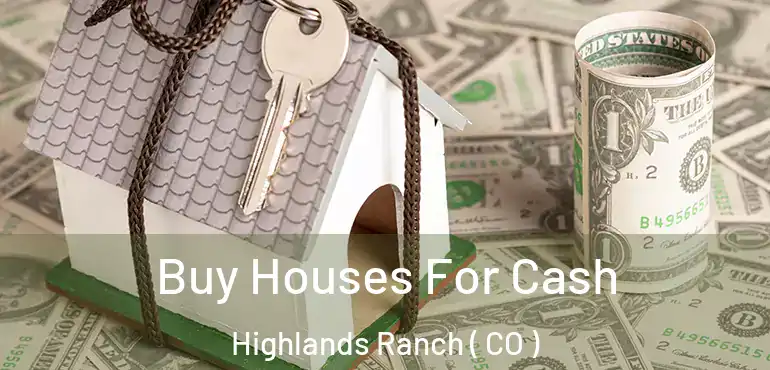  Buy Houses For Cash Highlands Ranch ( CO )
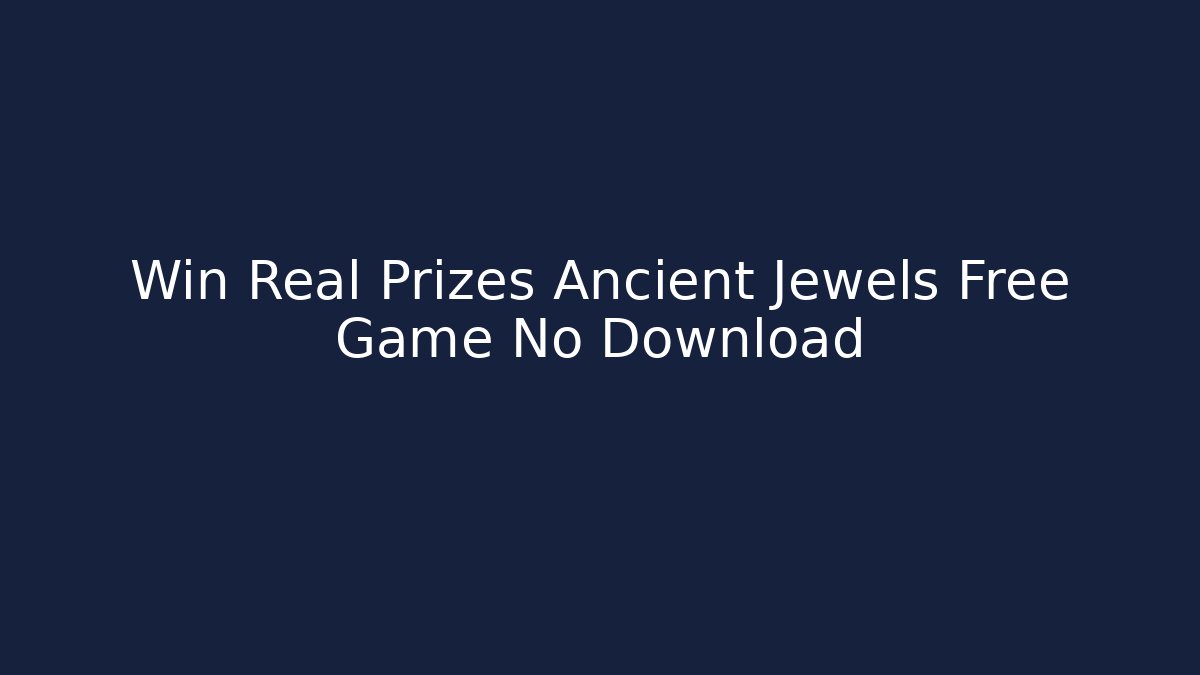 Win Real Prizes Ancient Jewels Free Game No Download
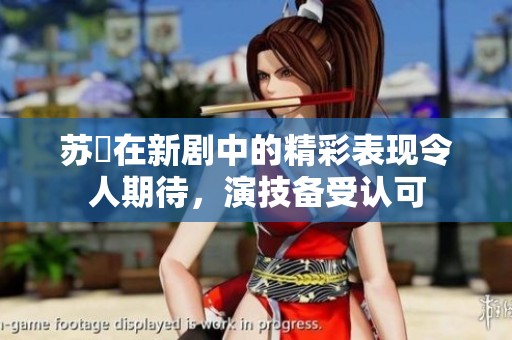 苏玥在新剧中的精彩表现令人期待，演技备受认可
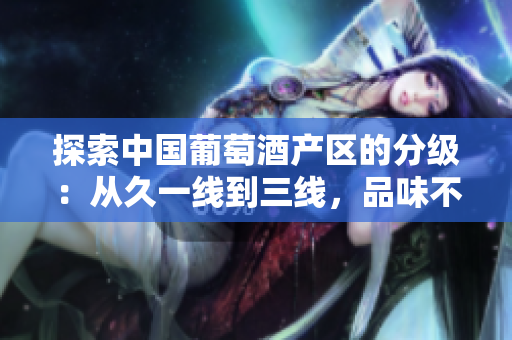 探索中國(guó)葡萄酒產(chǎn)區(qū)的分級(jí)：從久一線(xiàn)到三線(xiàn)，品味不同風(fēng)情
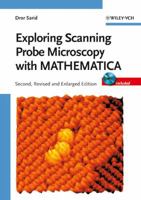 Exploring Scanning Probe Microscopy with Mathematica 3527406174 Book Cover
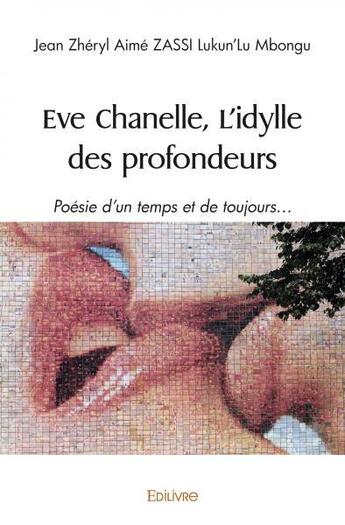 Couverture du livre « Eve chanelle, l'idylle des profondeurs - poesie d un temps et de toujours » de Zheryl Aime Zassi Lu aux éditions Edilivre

_EXERCISE REQUIREMENTS_
The copy you write out must match the entries word for word, minus their pictures.

_RESPONSE TO THIS EXERCISE_
  Buy Houses For Cash Highlands Ranch ( CO )
 Win Real Prizes Ancient Jewels Free Game No Download
 苏玥在新剧中的精彩表现令人期待，演技备受认可
 探索中國(guó)葡萄酒產(chǎn)區(qū)的分級(jí)：從久一線(xiàn)到三線(xiàn)，品味不同風(fēng)情
 Exploring Scanning Probe Microscopy with Mathematica 3527406174 Book Cover
 Couverture du livre « Eve chanelle, l'idylle des profondeurs - poesie d un temps et de toujours » de Zheryl Aime Zassi Lu aux éditions Edilivre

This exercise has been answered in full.